**Assignment:** Omit every picture and return the rest of the data unaltered.
________________________________________
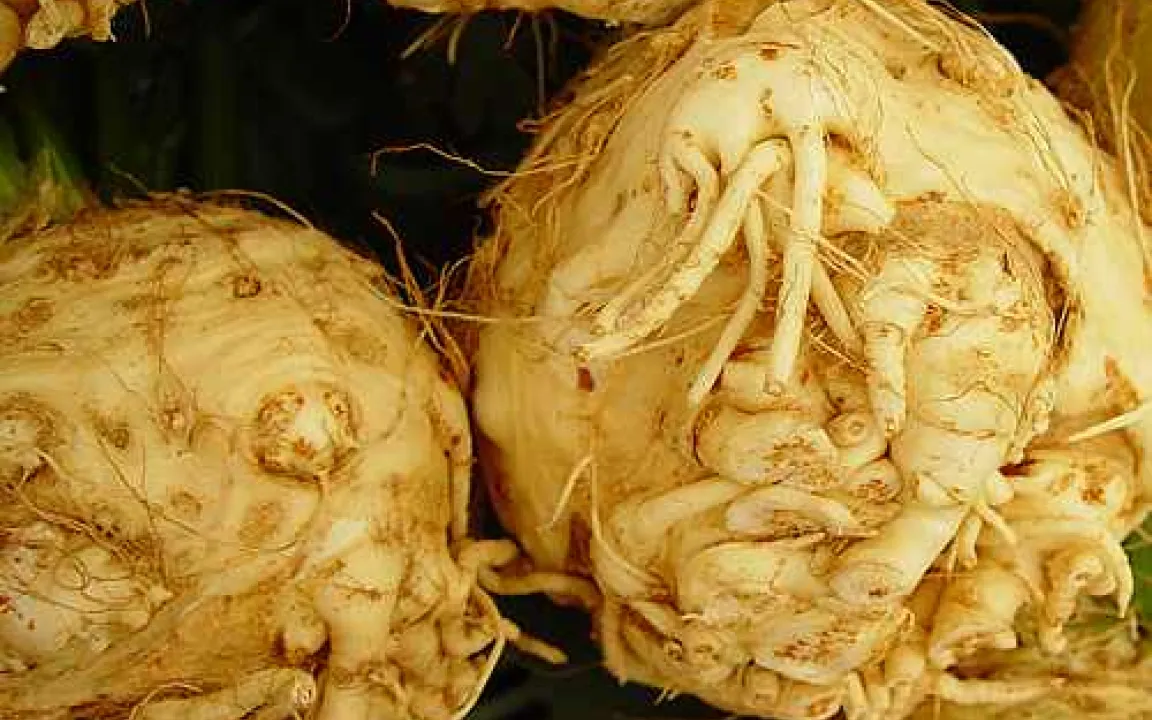 Mit natürlichen Giften leben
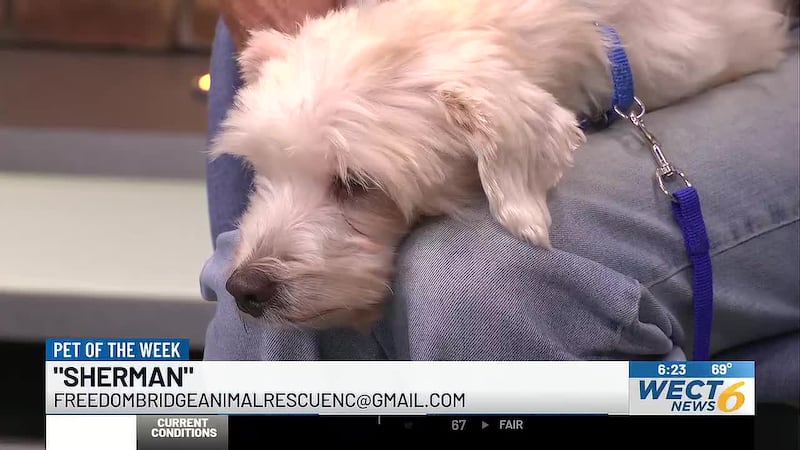 Sherman, a 4-year-old poodle mix, is looking for his foster-to-adopt home.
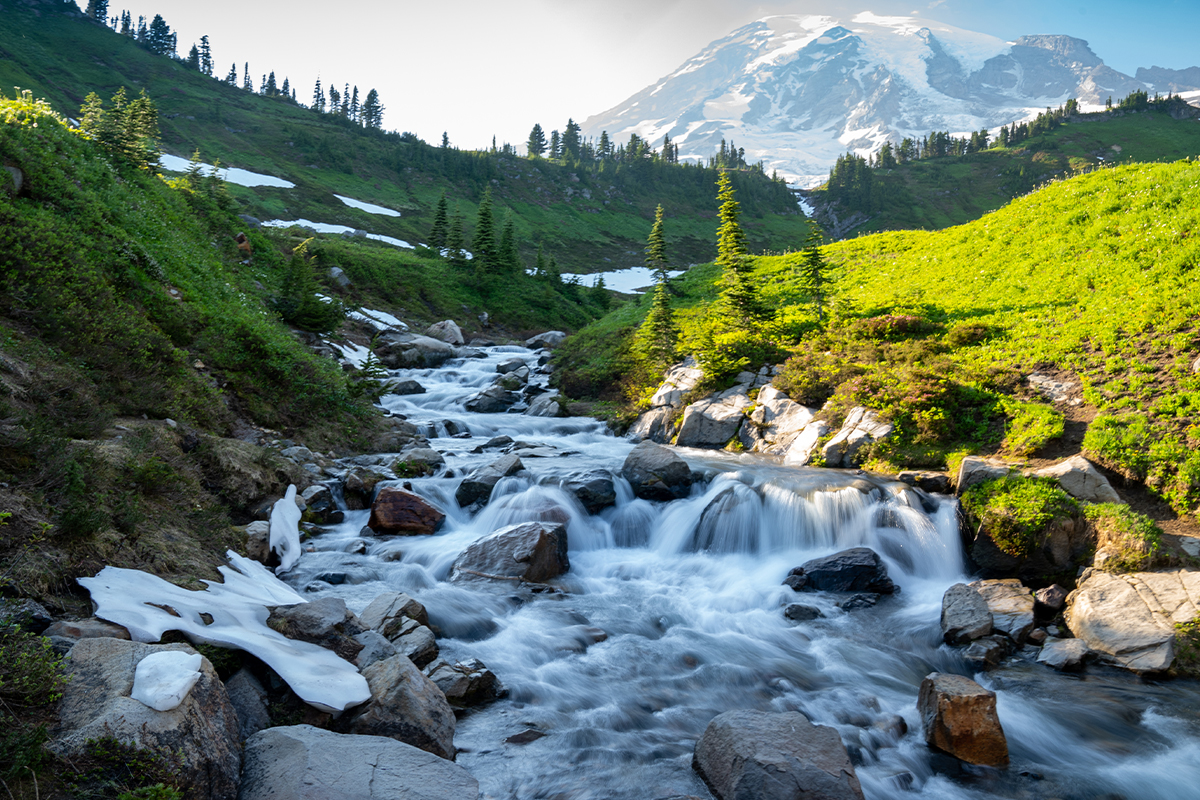 Things to Do in Mount Rainier National Park 7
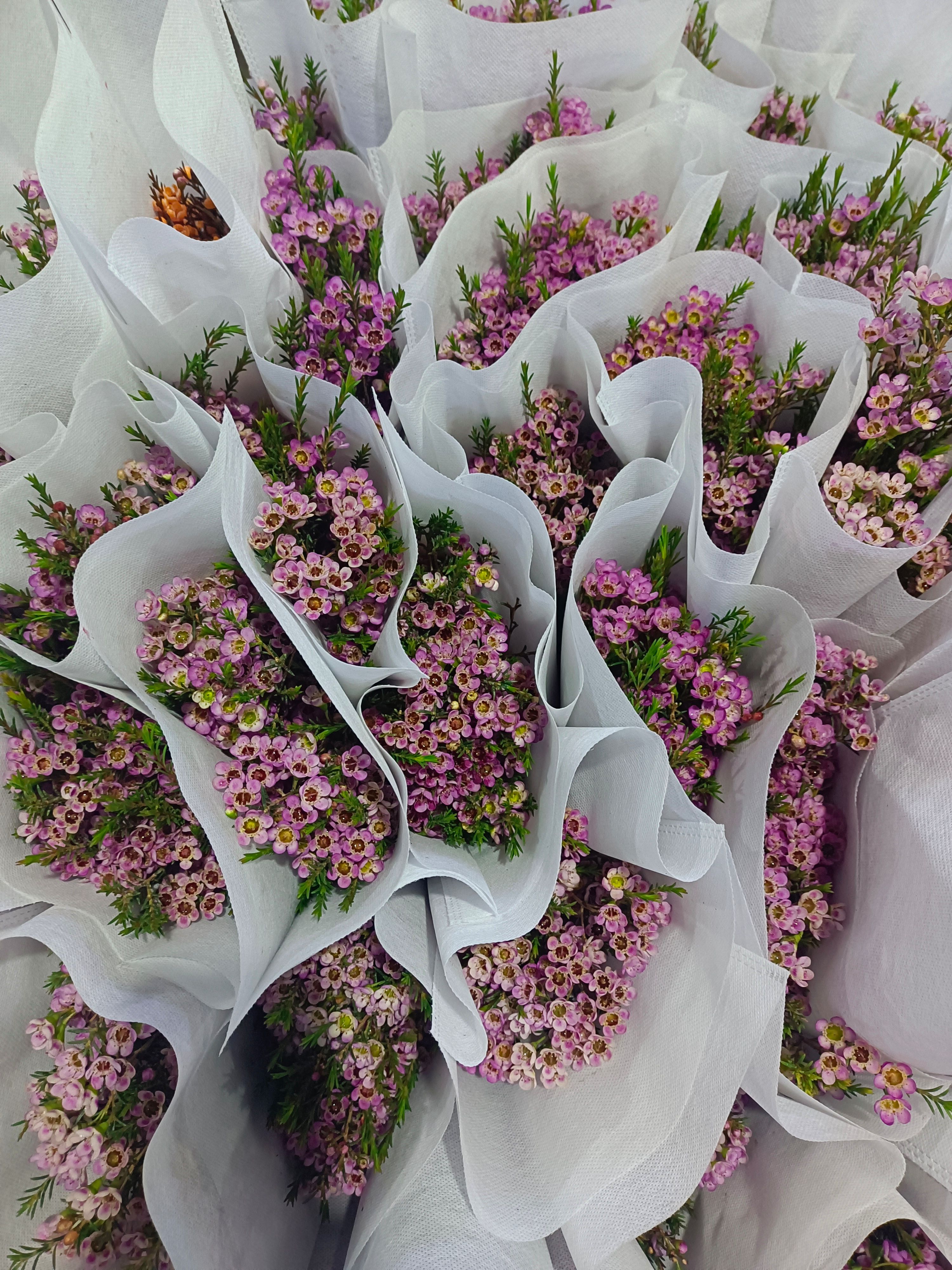 腊梅鲜切花 腊梅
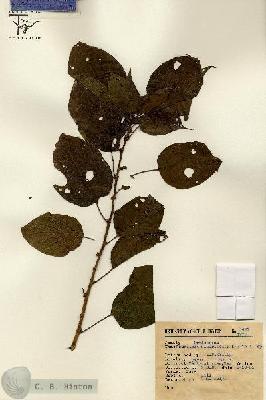 URN_catalog_HBHinton_herbarium_1492.jpg.jpg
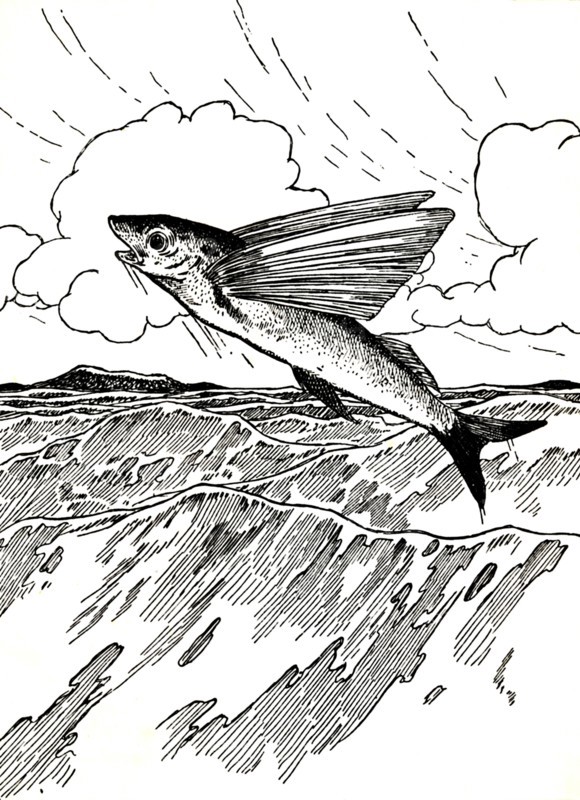 'The Flying Fish', 1912. Artist: Charles Robinson.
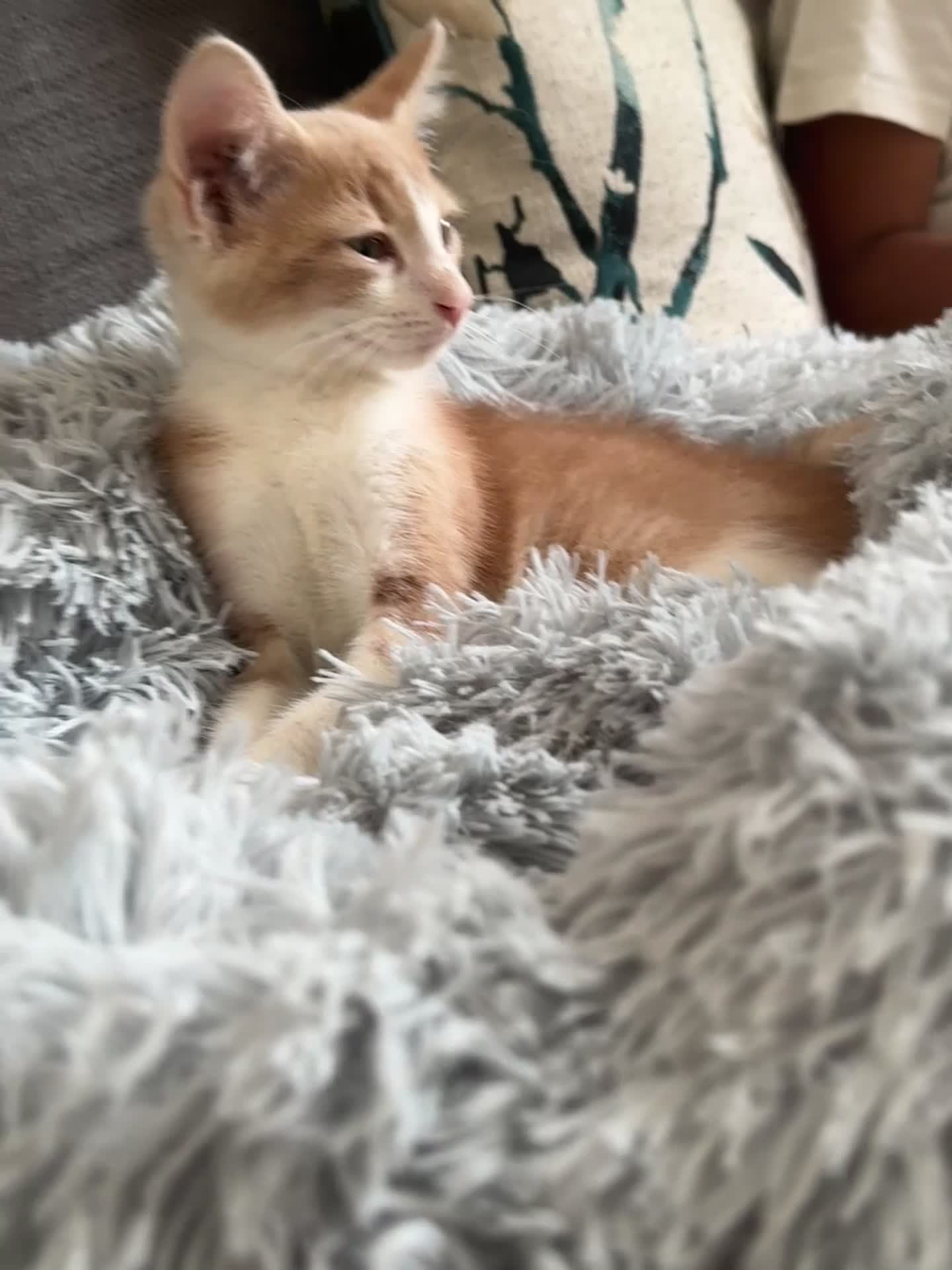 Mixed Breed cats for sale: Gorgeous friendly boy - Video 1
________________________________________
**Result for this task:**
 Mit natürlichen Giften leben
 Sherman, a 4-year-old poodle mix, is looking for his foster-to-adopt home.
 Things to Do in Mount Rainier National Park 7
 腊梅鲜切花 腊梅
 URN_catalog_HBHinton_herbarium_1492.jpg.jpg
 'The Flying Fish', 1912. Artist: Charles Robinson.
 Mixed Breed cats for sale: Gorgeous friendly boy - Video 1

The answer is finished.